OBJECTIVE: The relevance of regional LV myocardial ischemia/reperfusion induced by temporary left anterior descending (LAD) coronary artery occlusion during minimally invasive direct coronary artery bypass (MIDCAB) grafting is controversial. The purpose of our study was (1) to determine the impact of conventional LAD occlusion during left internal thoracic artery (LITA)-LAD anastomosis on regional LV myocardial ischemia and function, and (2) to evaluate if intra-LAD shunt insertion during LITA-LAD anastomosis prevents potential regional LV ischemia and dysfunction in a pig model.

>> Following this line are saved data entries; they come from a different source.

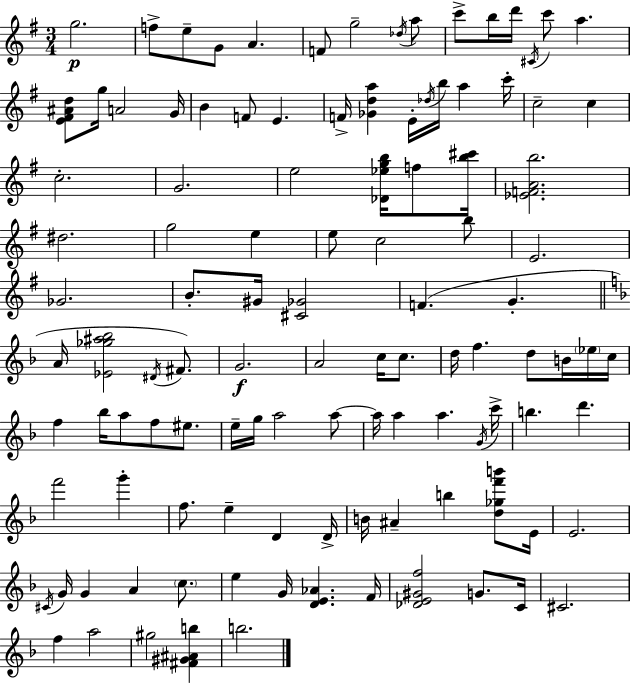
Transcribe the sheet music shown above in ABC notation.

X:1
T:Untitled
M:3/4
L:1/4
K:G
g2 f/2 e/2 G/2 A F/2 g2 _d/4 a/2 c'/2 b/4 d'/4 ^C/4 c'/2 a [E^F^Ad]/2 g/4 A2 G/4 B F/2 E F/4 [_Gda] E/4 _d/4 b/4 a c'/4 c2 c c2 G2 e2 [_D_egb]/4 f/2 [b^c']/4 [_EFAb]2 ^d2 g2 e e/2 c2 b/2 E2 _G2 B/2 ^G/4 [^C_G]2 F G A/4 [_E_g^a_b]2 ^D/4 ^F/2 G2 A2 c/4 c/2 d/4 f d/2 B/4 _e/4 c/4 f _b/4 a/2 f/2 ^e/2 e/4 g/4 a2 a/2 a/4 a a G/4 c'/4 b d' f'2 g' f/2 e D D/4 B/4 ^A b [d_gf'b']/2 E/4 E2 ^C/4 G/4 G A c/2 e G/4 [DE_A] F/4 [_DE^Gf]2 G/2 C/4 ^C2 f a2 ^g2 [^F^G^Ab] b2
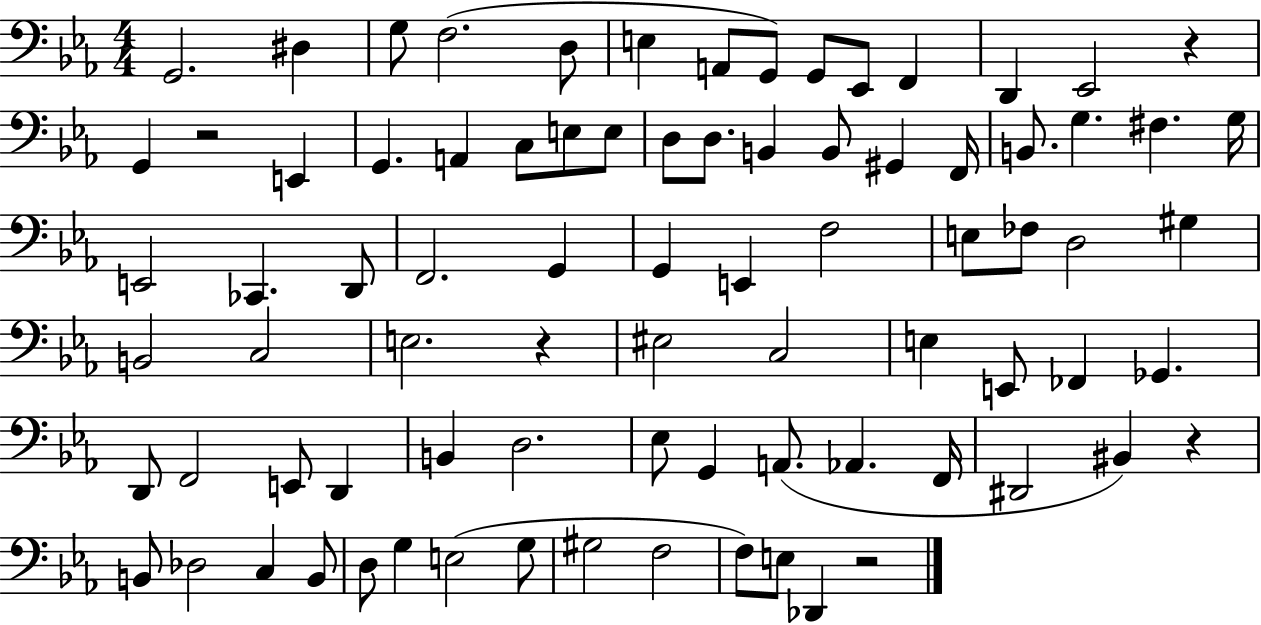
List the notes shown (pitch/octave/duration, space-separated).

G2/h. D#3/q G3/e F3/h. D3/e E3/q A2/e G2/e G2/e Eb2/e F2/q D2/q Eb2/h R/q G2/q R/h E2/q G2/q. A2/q C3/e E3/e E3/e D3/e D3/e. B2/q B2/e G#2/q F2/s B2/e. G3/q. F#3/q. G3/s E2/h CES2/q. D2/e F2/h. G2/q G2/q E2/q F3/h E3/e FES3/e D3/h G#3/q B2/h C3/h E3/h. R/q EIS3/h C3/h E3/q E2/e FES2/q Gb2/q. D2/e F2/h E2/e D2/q B2/q D3/h. Eb3/e G2/q A2/e. Ab2/q. F2/s D#2/h BIS2/q R/q B2/e Db3/h C3/q B2/e D3/e G3/q E3/h G3/e G#3/h F3/h F3/e E3/e Db2/q R/h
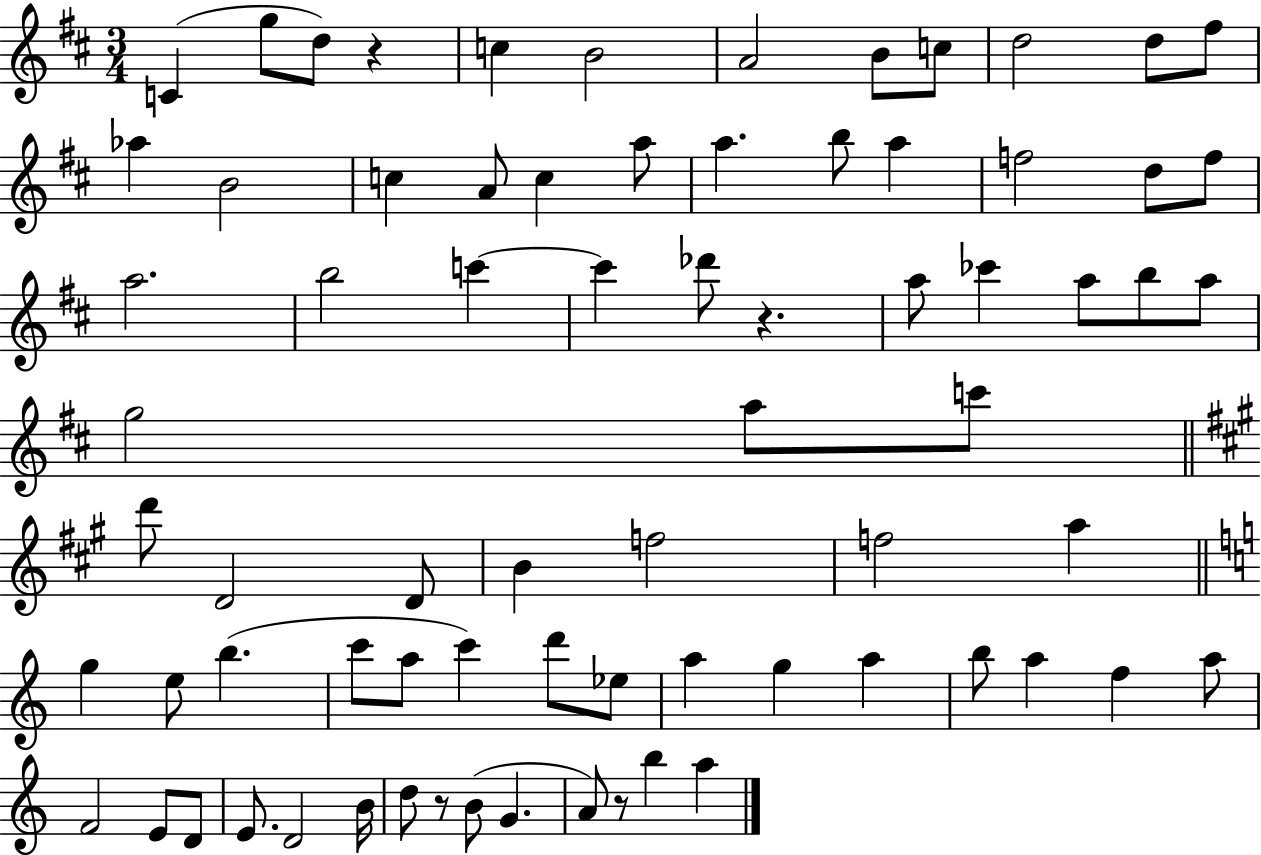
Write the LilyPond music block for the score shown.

{
  \clef treble
  \numericTimeSignature
  \time 3/4
  \key d \major
  c'4( g''8 d''8) r4 | c''4 b'2 | a'2 b'8 c''8 | d''2 d''8 fis''8 | \break aes''4 b'2 | c''4 a'8 c''4 a''8 | a''4. b''8 a''4 | f''2 d''8 f''8 | \break a''2. | b''2 c'''4~~ | c'''4 des'''8 r4. | a''8 ces'''4 a''8 b''8 a''8 | \break g''2 a''8 c'''8 | \bar "||" \break \key a \major d'''8 d'2 d'8 | b'4 f''2 | f''2 a''4 | \bar "||" \break \key c \major g''4 e''8 b''4.( | c'''8 a''8 c'''4) d'''8 ees''8 | a''4 g''4 a''4 | b''8 a''4 f''4 a''8 | \break f'2 e'8 d'8 | e'8. d'2 b'16 | d''8 r8 b'8( g'4. | a'8) r8 b''4 a''4 | \break \bar "|."
}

METHODS: In 20 anesthetized, mechanically ventilated pigs we performed LITA-LAD anastomosis on the beating heart without cardiopulmonary bypass during either 15 min LAD occlusion (occlusion-group; n = 10) or 15 min intra-LAD shunt insertion to maintain blood supply to the myocardium beyond the anastomosis (shunt-group; n = 10). Besides standard hemodynamics we determined the global and regional LV wall motion score index (WMSI) using epimyocardial echocardiography. To quantitate structural myocardial alteration we determined the inducible heat-shock protein-70 (HSP-70) in LV anterior wall myocardial biopsies. Data were recorded at baseline, at 15 min of LAD occlusion or shunt insertion, respectively, and at 30 min of reperfusion. At the end of the experiments we determined myocardial adenine nucleotide (ATP, ADP, AMP) and glycogen content.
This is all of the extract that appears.